DATASET ENTRIES:
----------------
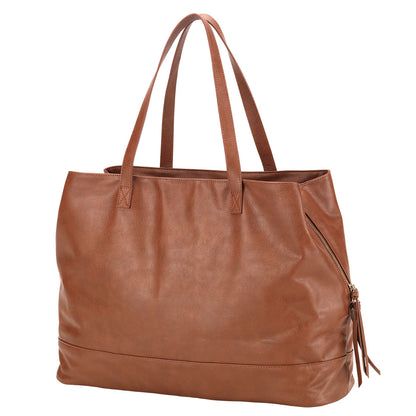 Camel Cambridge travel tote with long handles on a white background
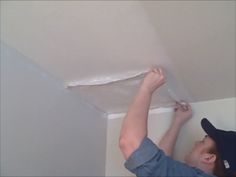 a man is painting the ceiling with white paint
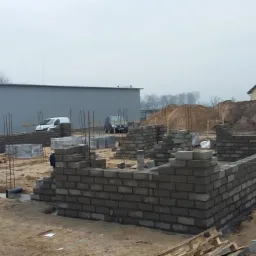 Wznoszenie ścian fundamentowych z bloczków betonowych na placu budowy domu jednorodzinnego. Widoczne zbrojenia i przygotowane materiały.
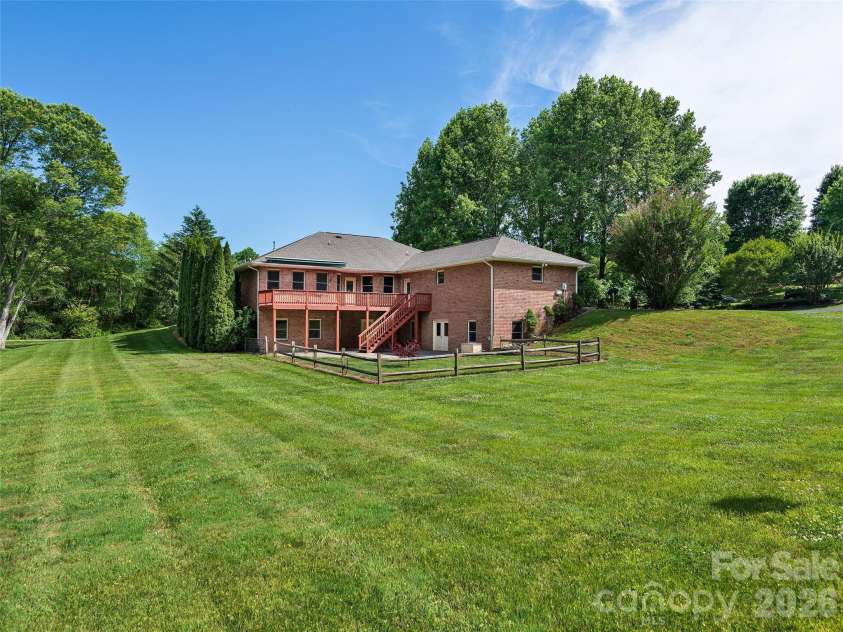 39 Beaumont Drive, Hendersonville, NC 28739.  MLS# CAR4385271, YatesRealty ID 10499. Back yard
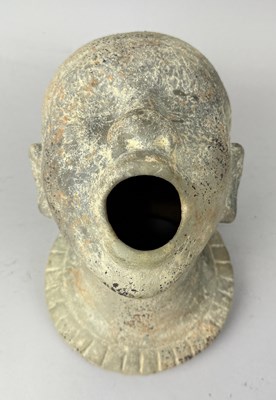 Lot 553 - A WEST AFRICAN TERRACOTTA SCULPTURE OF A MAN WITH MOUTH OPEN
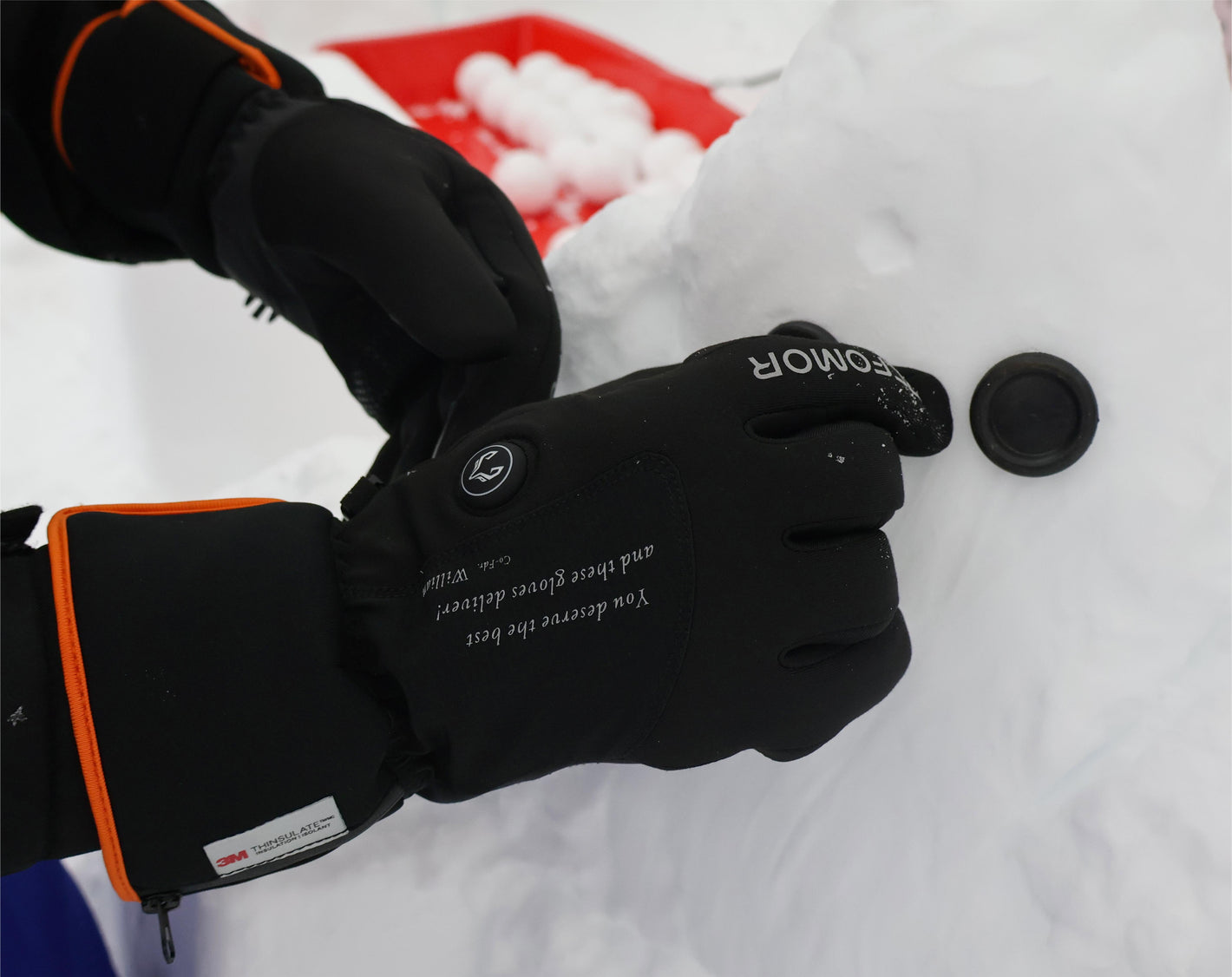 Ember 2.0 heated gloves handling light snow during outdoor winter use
----------------
WORK REQUIRED:
Each entry above should be copied word for word, with the images omitted.

RESPONSE:
 Camel Cambridge travel tote with long handles on a white background
 a man is painting the ceiling with white paint
 Wznoszenie ścian fundamentowych z bloczków betonowych na placu budowy domu jednorodzinnego. Widoczne zbrojenia i przygotowane materiały.
 39 Beaumont Drive, Hendersonville, NC 28739.  MLS# CAR4385271, YatesRealty ID 10499. Back yard
 Lot 553 - A WEST AFRICAN TERRACOTTA SCULPTURE OF A MAN WITH MOUTH OPEN
 Ember 2.0 heated gloves handling light snow during outdoor winter use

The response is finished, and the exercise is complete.